→ Work instruction: Pictures in the listing below are skipped, while the lines from the "Women's Cotton Robe - Crisp Blue Floral" line through the "Koh Phangan Island, Thailand, Drone" line are returned word for word.

===== Records shown

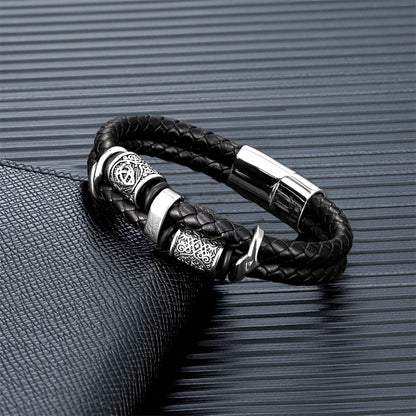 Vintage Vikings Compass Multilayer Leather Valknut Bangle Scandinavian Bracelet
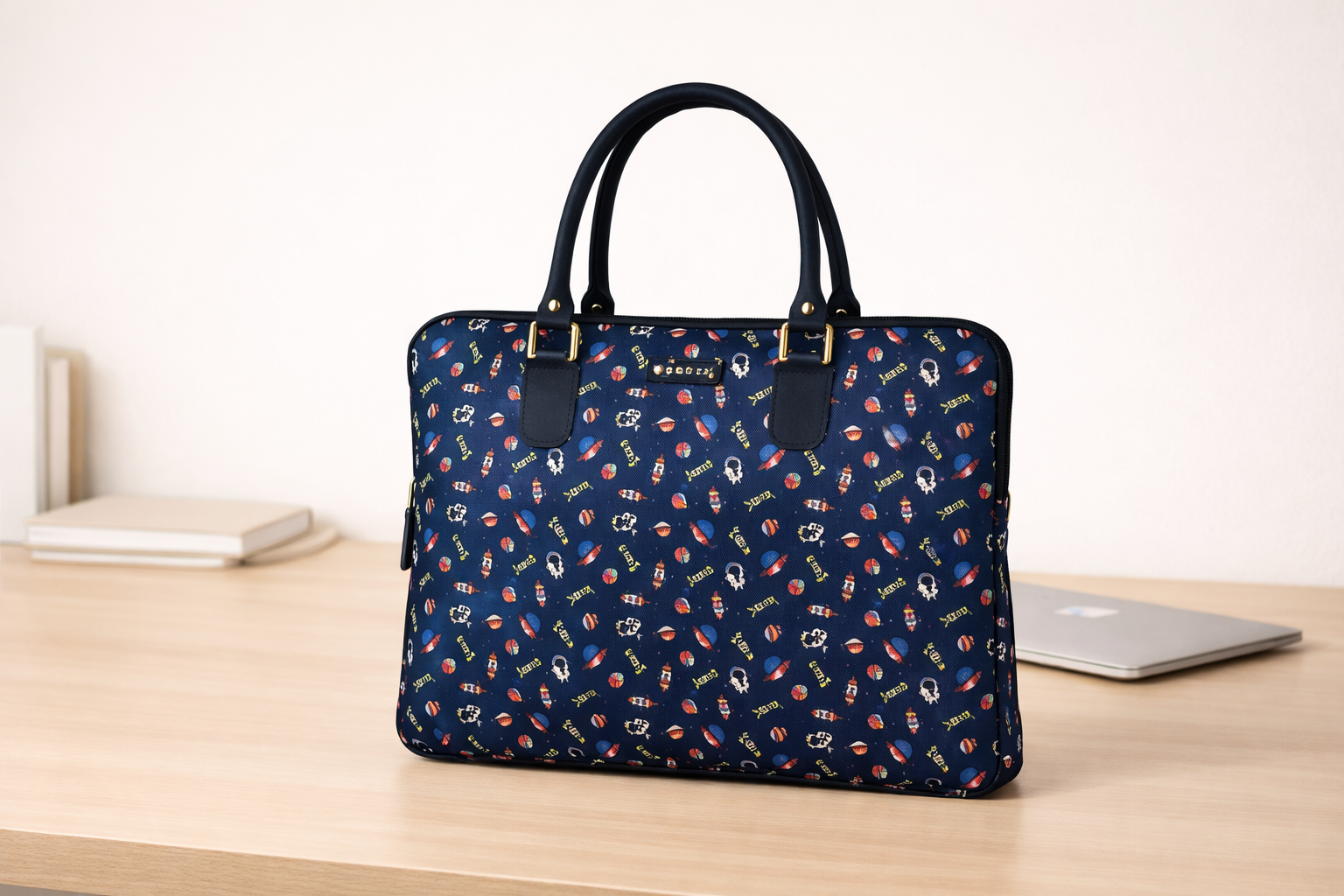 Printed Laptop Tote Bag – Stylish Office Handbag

==========
===== Records shown

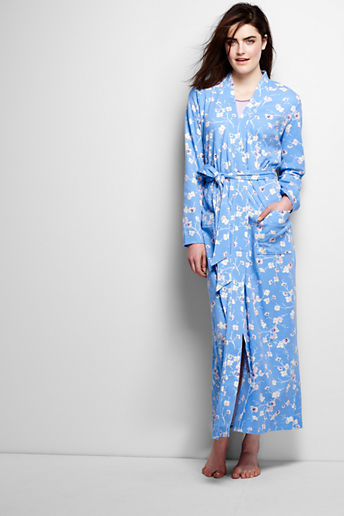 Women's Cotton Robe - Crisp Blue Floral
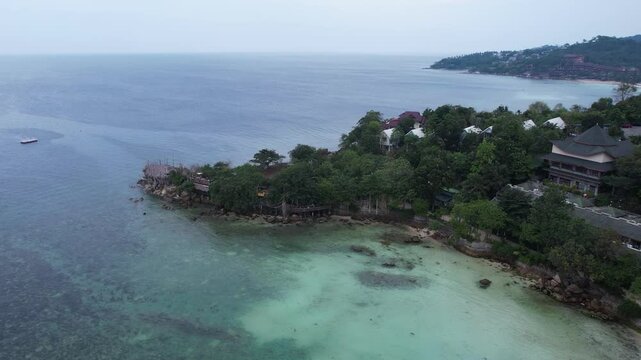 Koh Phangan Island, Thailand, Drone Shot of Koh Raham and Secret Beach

==========

→ Response to this exercise:
 Women's Cotton Robe - Crisp Blue Floral
 Koh Phangan Island, Thailand, Drone Shot of Koh Raham and Secret Beach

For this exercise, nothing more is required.